Congressmen were also divided in their opinions of the speech. Hamilton Fish was, as might be expected, less than impressed. “I was amazed to find that the President would put our unemployed back to work making war munitions for foreign nations for blood money profits,” Fish growled. “Every dollar spent by belligerents for arms and ammunitions in the United States means a dollar less for American cotton, wheat, corn, pork, and other foodstuffs.” Speaker William Bankhead said, “It was a very impressive statement of the President’s attitude. He delivered it logically and delivered it temperately.” Majority Leader Sam Rayburn said Roosevelt had given “a masterful presentation of the issue” and he believed “it voices the sentiment of an overwhelming majority of the American people.” Mary T. Norton, one of the few women to serve in Congress, said, “I hope the Senate will act on the embargo and follow through on the President’s suggestions. If it does, we stand a much better chance of keeping out of war.” Representative Caroline O’Day of New York, a personal friend of First Lady Eleanor Roosevelt and usually a strong supporter of Roosevelt, lamented, “I hate to vote against the President and I dislike being put in the position of aiding Hitler and Stalin but war to me is the sum of all iniquity and I must support the policy which seems most likely to keep us out – – – an embargo on arms.” Congressman John C. Schaefer of Wisconsin sounded the attitude of many Republicans in Congress, especially those from the Midwest where isolationist sentiment was quite strong. “I am opposed to being a rubber stamp for the President once more,” Schaefer snapped. “As for cash and carry, if these foreign governments have the cash to pay for what they buy for this war, they should begin passing the $13,000,000,000 they owe us for stuff they bought in the last war.”

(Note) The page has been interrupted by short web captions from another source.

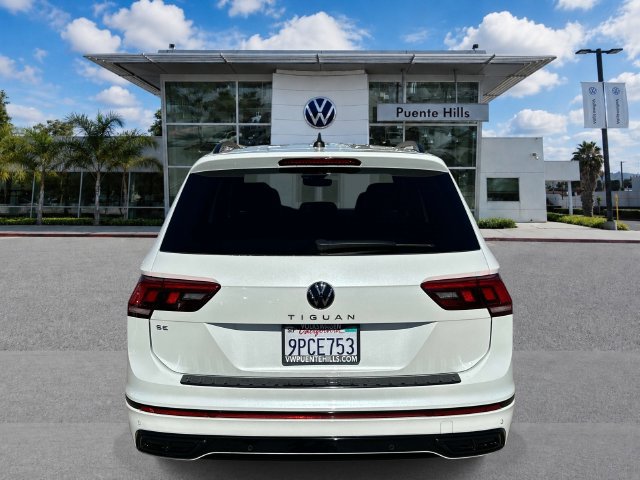 Certified 2024 Volkswagen Tiguan SE R-Line FWD image 5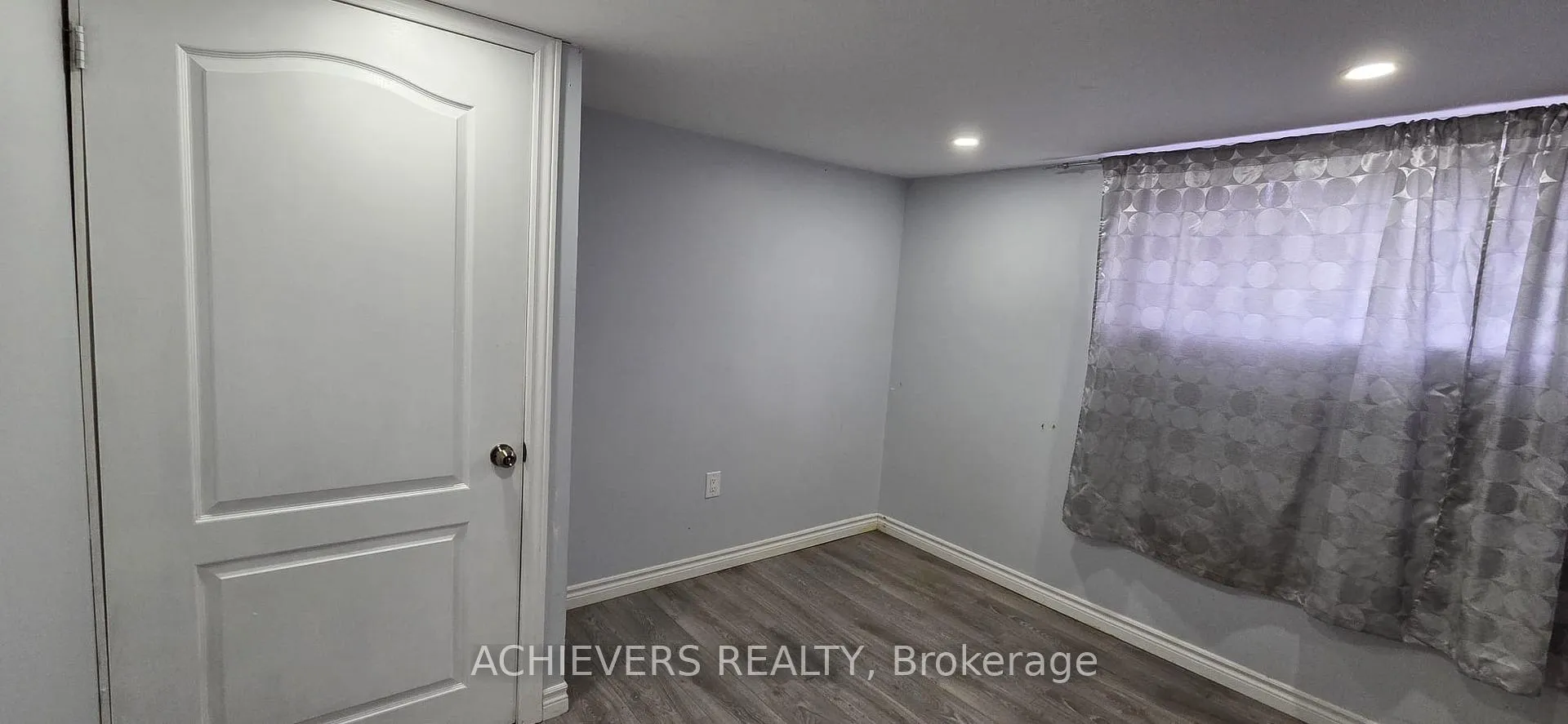 Photo 23 of 222 Sixth Avenue, Kitchener, Fairview/Kingsdale — HOMEH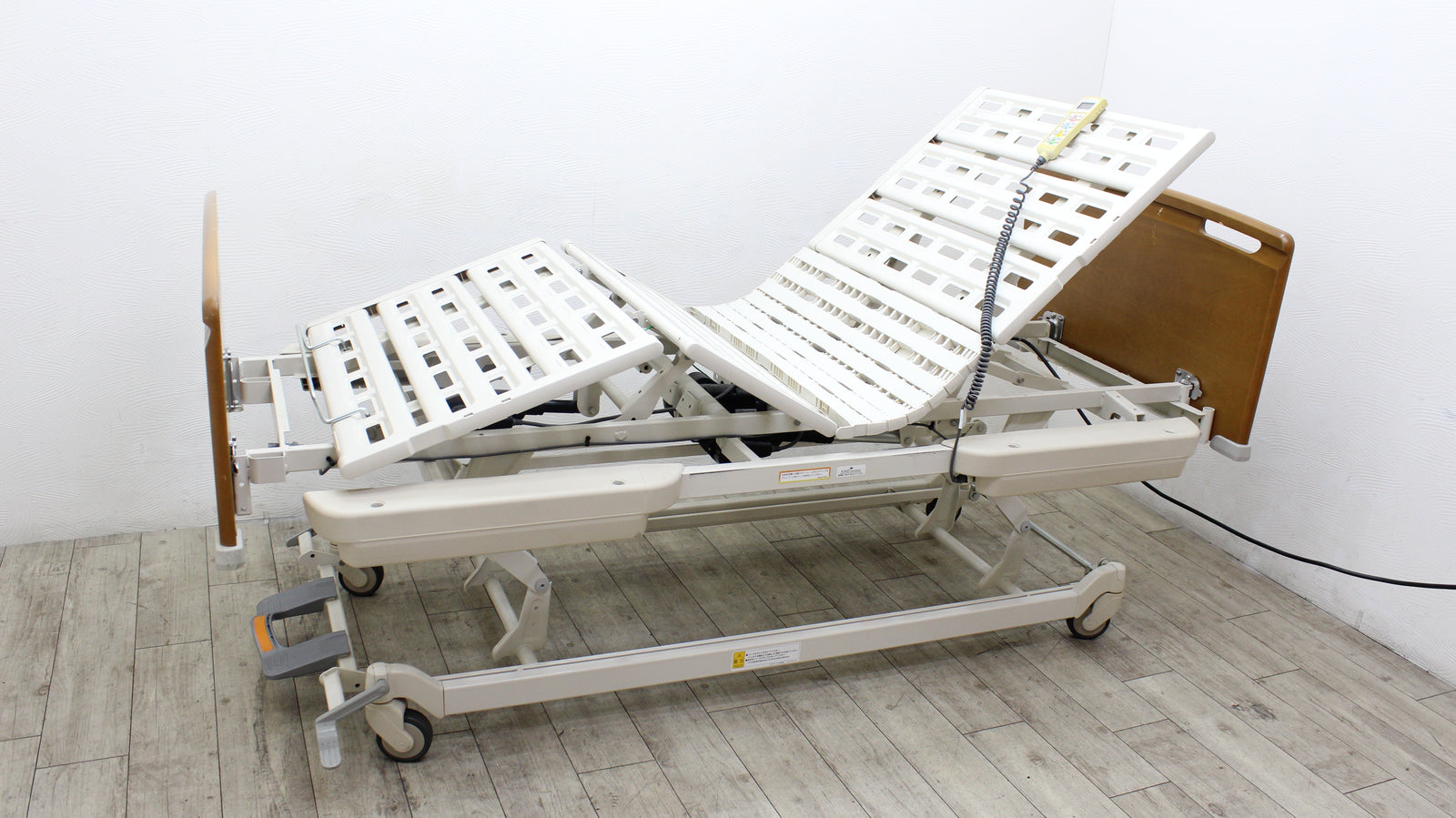 【中古】パラマウント ベッド KQ-6000シリーズ 3モーター 電動ベッド リクライニング シングル 91cm幅 撥水 防水カバー マットレス 介護 中古電動ベッド】パラマウントベッド 楽匠Z KQ-7221（DBP7221）【2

The Philadelphia Inquirer collected similar statements from senators across the country. Senator Gerald Nye thundered, “Many members are now learning how their constituents back home feel in this matter. Their mail shows an overwhelming number of writers are against embargo repeal – – – and that goes for members who have not been aligned with us (meaning the noninterventionists) on this issue.” Senator Warren R. Austin, a Vermont Republican, was less strident. Austin said, “What we want is peace. In my opinion, the surest way to get it is to repeal the act. After having repealed the law Congress should sit back and look at the situation while remaining in session.” Senator Carter Glass of Virginia, whom President Roosevelt had once laughingly referred to as “an unreconstructed rebel”, simply said, “I will be for cash-and-carry.” Senator Alexander Wiley of Wisconsin evaded the question, replying, “I am thinking and not talking these days.” Senator William Borah growled, “I’ve got at least one damn good campaign left in me.” Hiram Johnson promised, “There will be no compromise.”
Gerald Nye was right; congressmen and senators began hearing from their people back home.